-- Record excerpts follows --
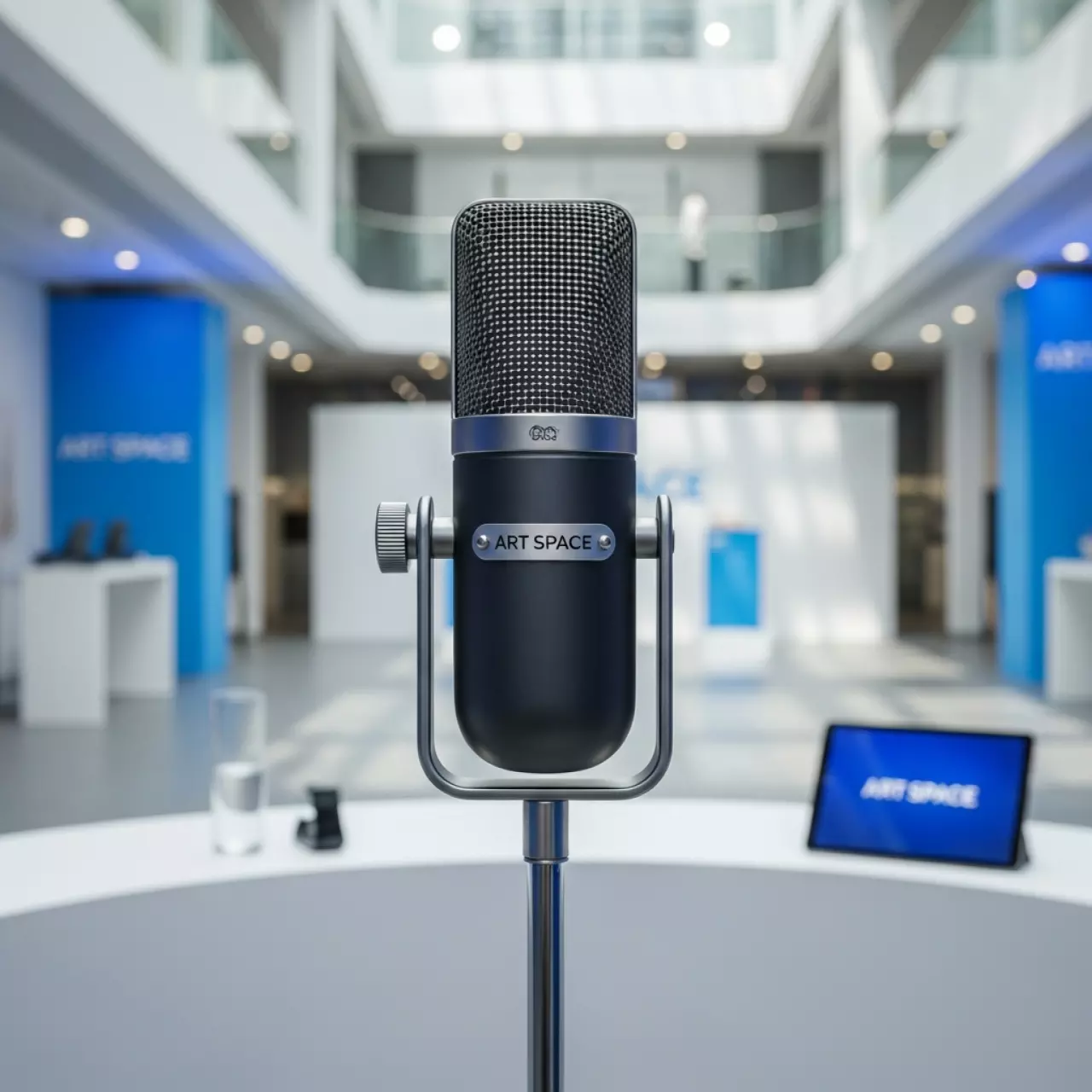 Аренда Микрофон Октава МД 66 в Red Arena — ART SPACE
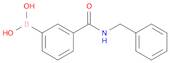 3-[(Benzylamino)carbonyl]phenylboronic acid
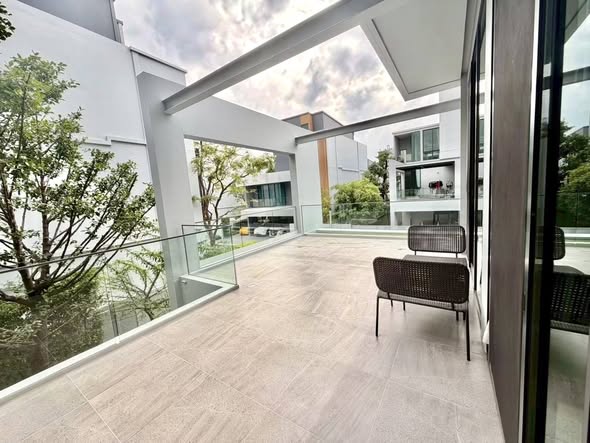 room interior of VIVE กรุงเทพกรีฑา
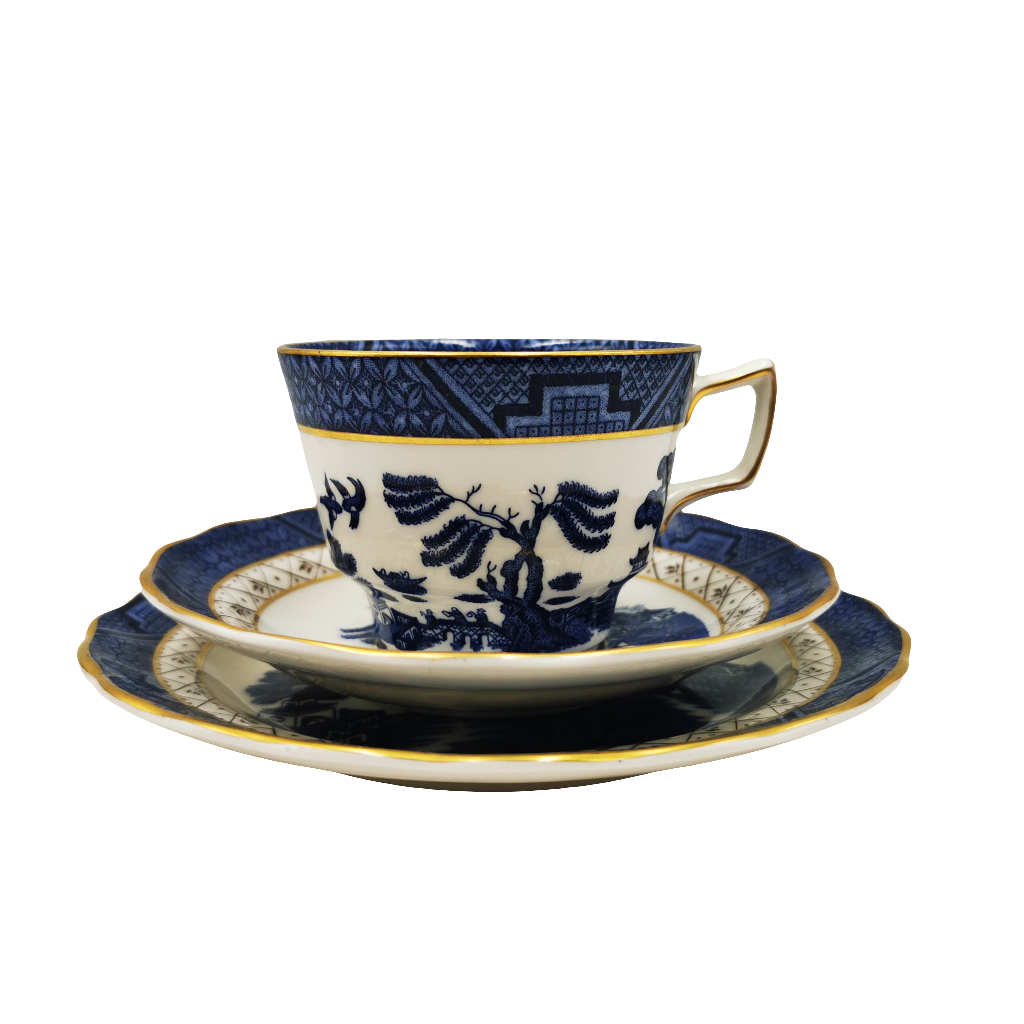 Royal Doulton Booths Real Old Willow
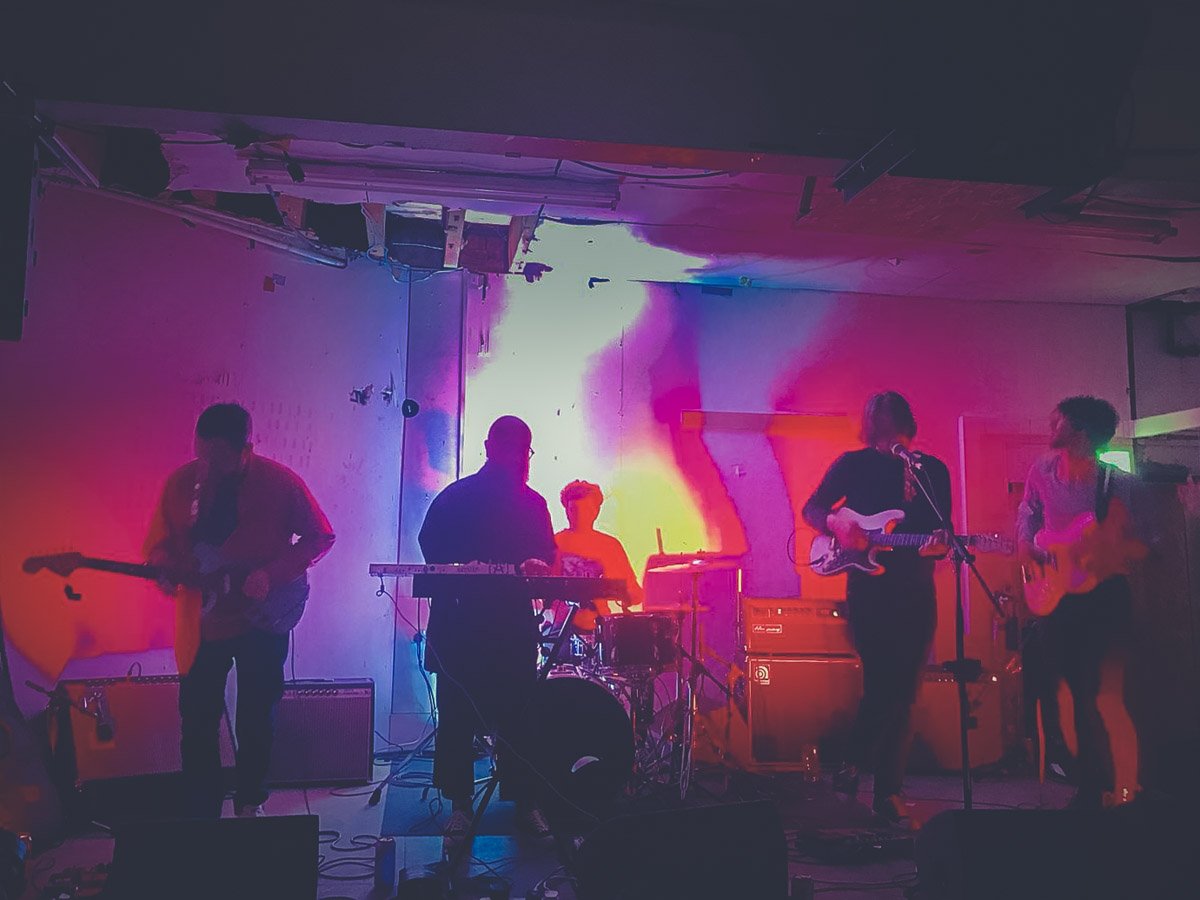 Thanks to everyone who came out to our shows in Hull and Leeds last  week. That'll be it now for 2018. We're off to the studio to record lots of new material that we can't wait to bring you next year! More info on that soon, but for now, have a fun weekend and watch this space...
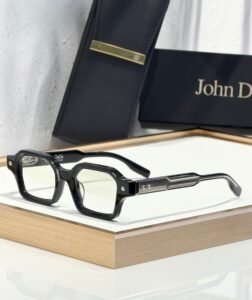 John Dalia project 09 zwart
-- Record excerpts concluded --
Of the entries above, print exactly those lines that run from the one containing "room interior of VIVE กรุงเทพกรีฑา" through the last line, excluding any pictures.

• Answer space:
 room interior of VIVE กรุงเทพกรีฑา
 Royal Doulton Booths Real Old Willow
 Thanks to everyone who came out to our shows in Hull and Leeds last  week. That'll be it now for 2018. We're off to the studio to record lots of new material that we can't wait to bring you next year! More info on that soon, but for now, have a fun weekend and watch this space...
 John Dalia project 09 zwart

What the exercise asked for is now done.